Mitchell, in the late 1930s, was waxing nostalgic about a time 50 years earlier, when men got together — only men, sometimes by the hundreds — donned aprons and chef hats, and consumed pounds and pounds of meat with their bare hands. There were no utensils and no napkins. And given the gallons of beer that washed down the feast, the events, called beefsteaks, became raucous.

Gregory ran across Mitchell’s article about 10 years ago and was inspired. The native Richmonder was living in Chicago and wanted to re-create every detail of the event that Mitchell so lovingly reported.

“I wanted girls to come,” Gregory says, “but I wanted to stay true to the story.” That meant this incarnation of the beefsteak would be a stag event for the 21st century.

The night before the first Chicago Beefsteak, the event’s planned venue, Charlie’s Ale House, unexpectedly closed. Gregory scrambled to relocate and reschedule. Along with cofounders Anthony Ewing and Nate Johnson, Gregory rounded up meat, chefs and liquor.

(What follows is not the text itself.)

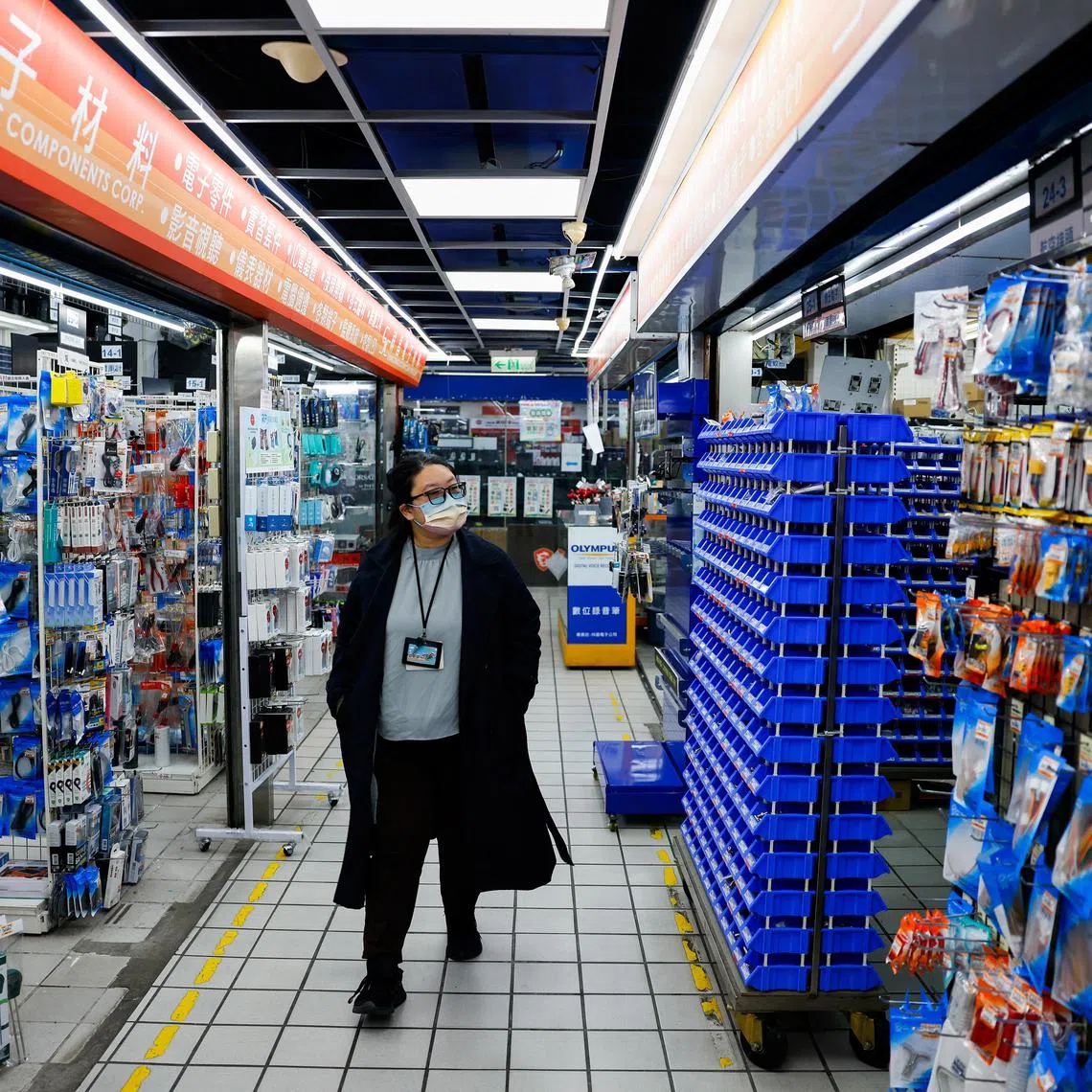 A customer checks out an electronics hardware store in Taipei, Taiwan April 3, 2025. REUTERS/Ann Wang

Ultimately, the paper-covered tables at the Belden-Stratford, a former hotel, were lined with men in dressed in suits, aprons and hats. They left a little worse for the wear, stained with grease and hoarse from cheering each course.

“Big trays are brought out with strip loin on top of day-old bread,” says Gregory. “It’s survival of the fittest.”

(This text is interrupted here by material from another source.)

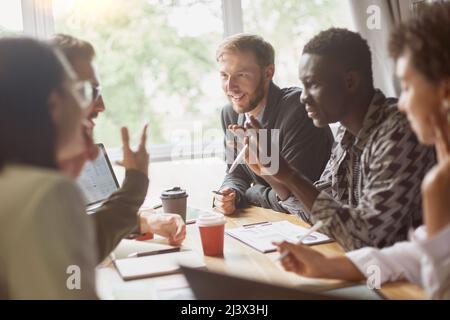 young entrepreneurs discussing a joint project in the office of the coworking center. Stock Photo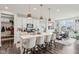 A modern kitchen with a large center island, stylish pendant lighting, and stainless steel appliances at 6630 Overlander Ln, Whitestown, IN 46075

The Chicago Beefsteak is still a regular event, despite that Gregory and his wife, Cornelia — who created the brand for the event and regularly collaborates with her husband — moved to Richmond.

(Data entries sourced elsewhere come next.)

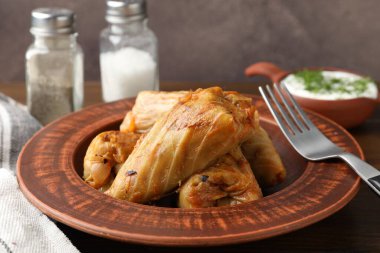 Tahta masada servis edilen lezzetli lahana dürümleri, yakın plan.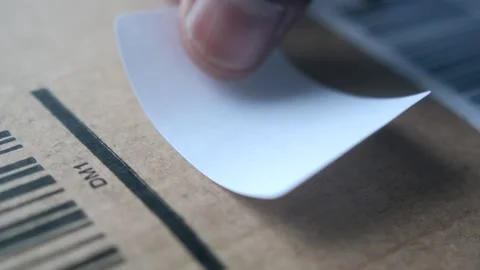 Applying a label to a cardboard box Stock Footage 296933111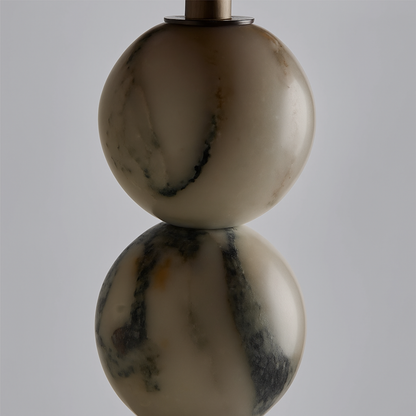 Marble-textured lamp with two spherical shapes on a gray background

As an underwriting manager for fine art and museums at the Markel Corp., it occurred to Gregory while he was attending the big international art fair, Miami’s Art Basel, that a Richmond event could make for an ideal benefit for the Institute for Contemporary Art at Virginia Commonwealth University. He found enthusiastic partners in Saison’s Adam Hall and the Center of the Universe Brewing Co. And the Tuckahoe Women’s Club became its unlikely venue.

There’s a key difference to the Richmond event: Women are welcome to attend. And, because Carol Anne Baker Lajoie, director of development for the institute, is vegetarian, there will be a nonmeat option. One. Just one.

“People need to note that it’s a meat-focused event,” Gregory says.

With lamb, mini burgers, strip loin and Wagyu beef — for dessert, of course — it’s a meal where pacing is important. Suits for men, and business or cocktail attire for women, are mandatory — formality is part of the adventure.

While piles of uneaten bread stack the table — a way to convey meat, not a part of the meal — vacuum-sealed steaks will be raffled off between courses. And because you can’t reserve seats, you’re going to make friends with strangers during the evening.

Ultimately, Gregory wants to put on the event for the institute annually, he says: “I love the juxtaposition of this primal experience with the delicate idea of contemporary art.”

The Richmond Beefsteak will be held at 6:30 p.m. Saturday, April 22. Tickets cost $135. Tuckahoe Woman’s Club, 4215 Dover Road. therichmondbeefsteak.com.